• _EXERCISE AIM_
Print the records below exactly. Omit every picture.

• _DATASET RECORDS_
....

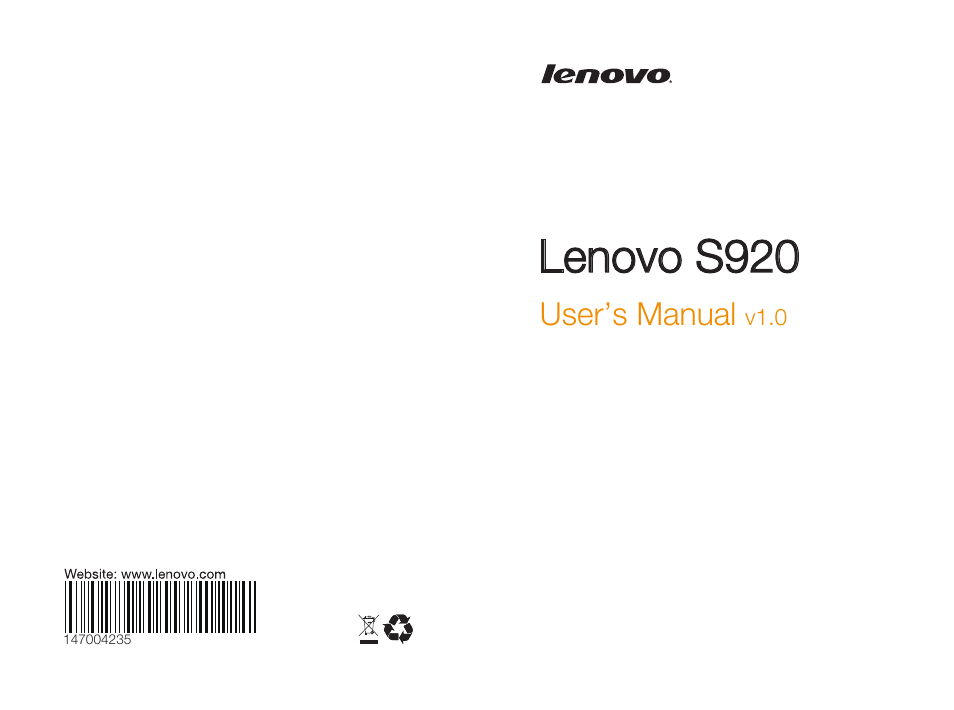 Lenovo S920 Smartphone User Manual | 27 pages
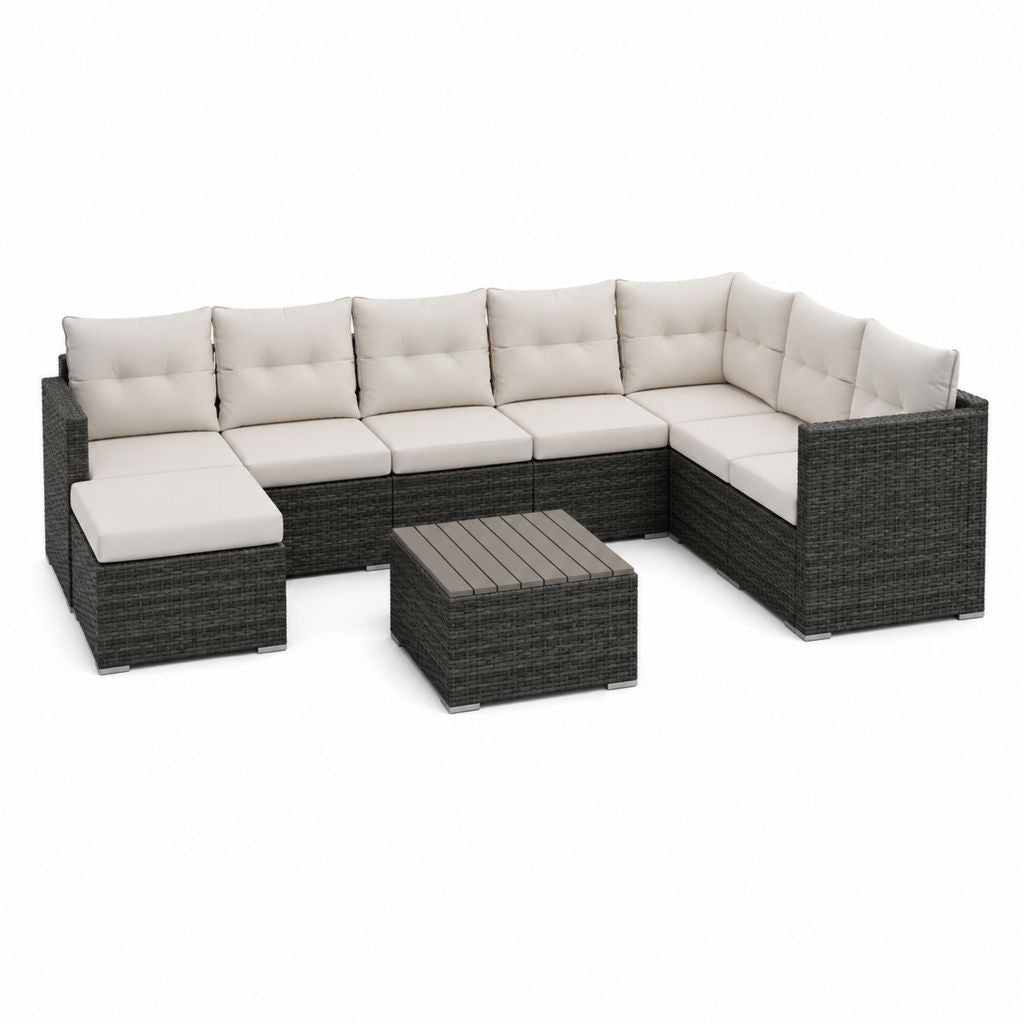 Salon de jardin modulable 7 pièces en U anthracite et beige en résine tressée PE 280 x 210 x 60 cm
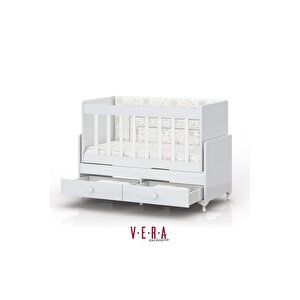 Anne Yanı Sallanır Bebek Beşiği, Gri Uyku Setli, Yataklı, Çekmeceli 60 X 120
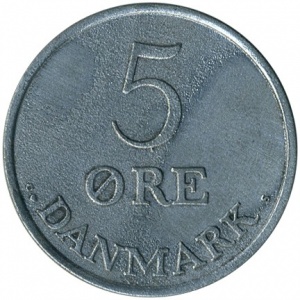 Реверс монеты Дания, 5 эре, 1950-1964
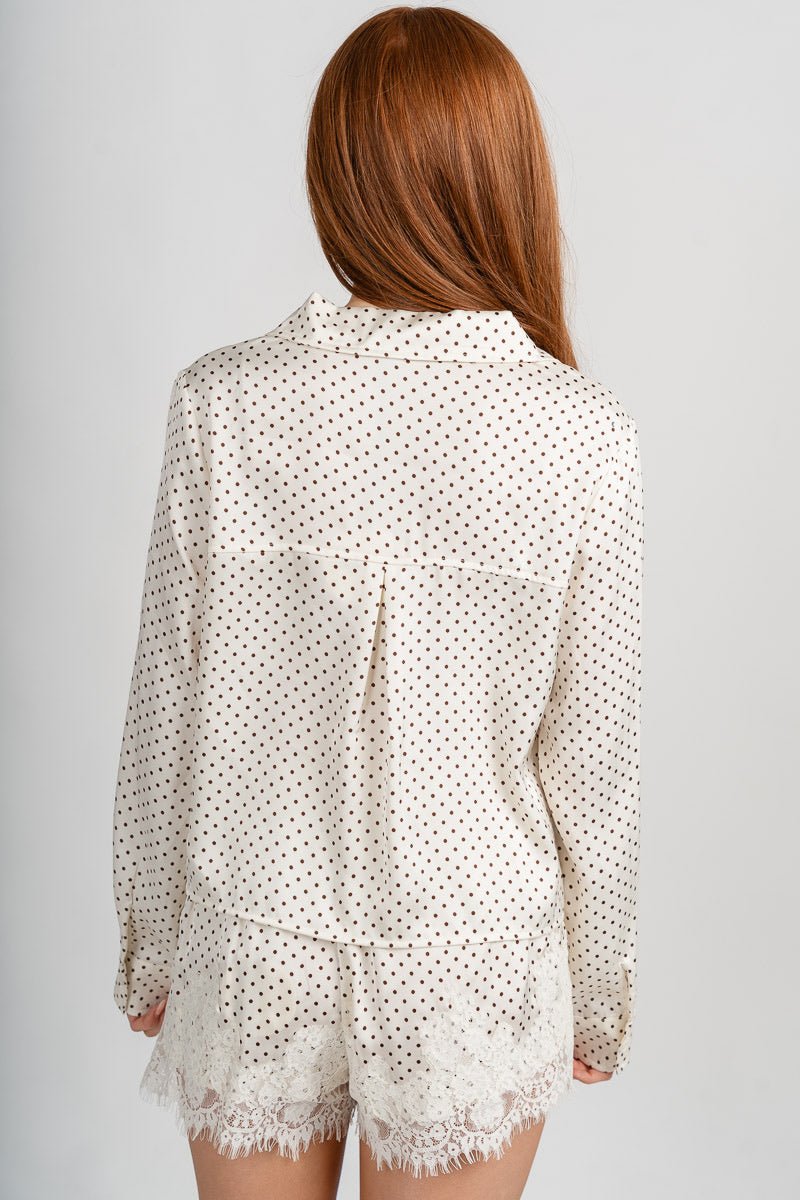 Polka dot button up blouse ivory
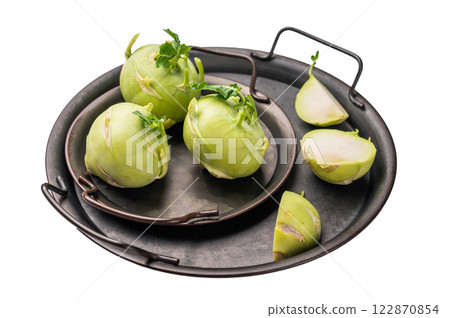Raw kohlrabi on steel tray, Vegetable from Organic farm isolated on white backround. top view 122870854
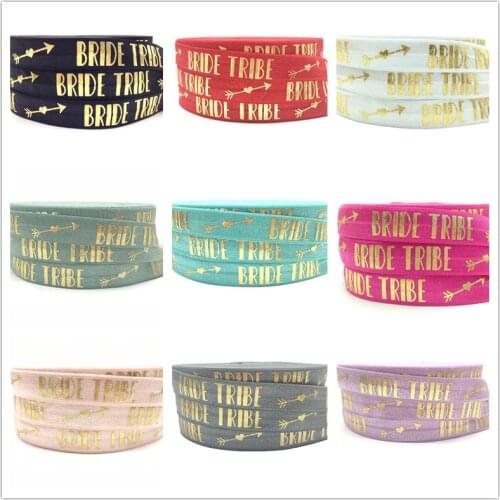 13 Colors Choose 50Y Gold Foil Bride Tribe Print Fold Over Elastic 5/8" FOE Elastic Ribbon for DIY Wedding Hair Tie Accessory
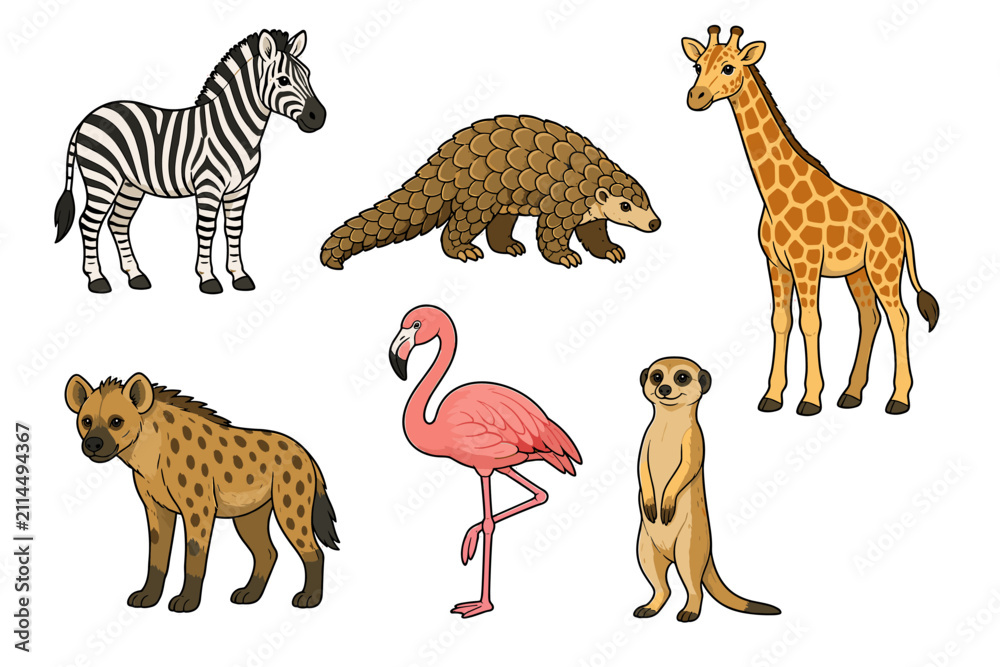 Obraz premium Cartoon safari animals set with zebra giraffe flamingo and more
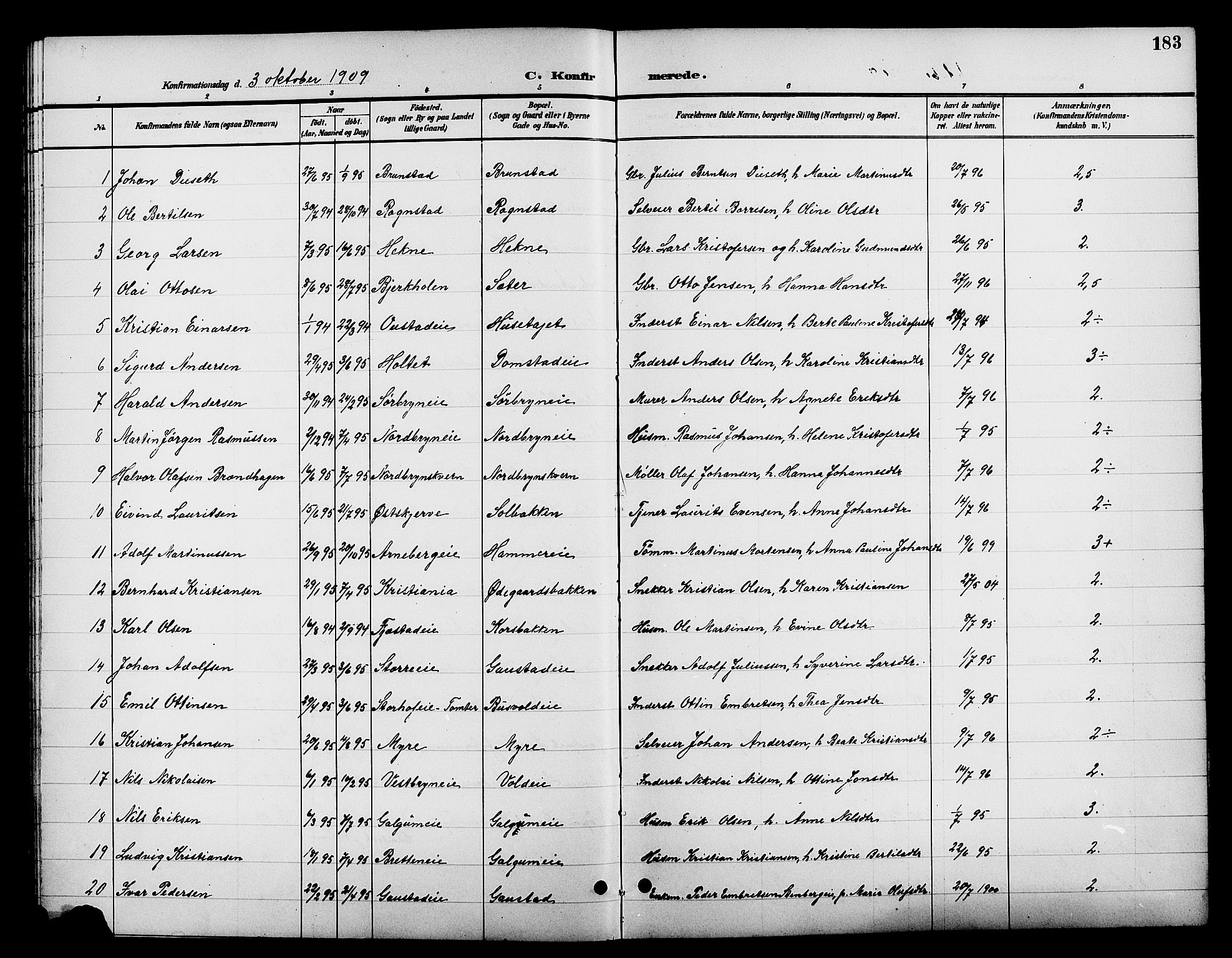 Romedal prestekontor, AV/SAH-PREST-004/L/L0012: Parish register (copy) no. 12, 1896-1914, p. 183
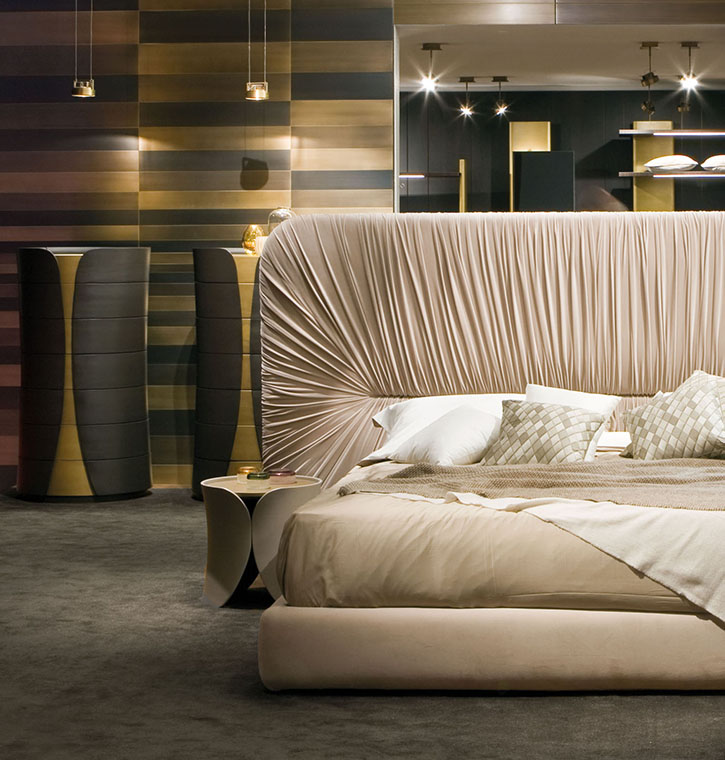 laurameroni luxury high end customizable draped bed in precious materials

....

• _EXPECTED ANSWER_
 Lenovo S920 Smartphone User Manual | 27 pages
 Salon de jardin modulable 7 pièces en U anthracite et beige en résine tressée PE 280 x 210 x 60 cm
 Anne Yanı Sallanır Bebek Beşiği, Gri Uyku Setli, Yataklı, Çekmeceli 60 X 120
 Реверс монеты Дания, 5 эре, 1950-1964
 Polka dot button up blouse ivory
Raw kohlrabi on steel tray, Vegetable from Organic farm isolated on white backround. top view 122870854
 13 Colors Choose 50Y Gold Foil Bride Tribe Print Fold Over Elastic 5/8" FOE Elastic Ribbon for DIY Wedding Hair Tie Accessory
 Obraz premium Cartoon safari animals set with zebra giraffe flamingo and more
 Romedal prestekontor, AV/SAH-PREST-004/L/L0012: Parish register (copy) no. 12, 1896-1914, p. 183
 laurameroni luxury high end customizable draped bed in precious materials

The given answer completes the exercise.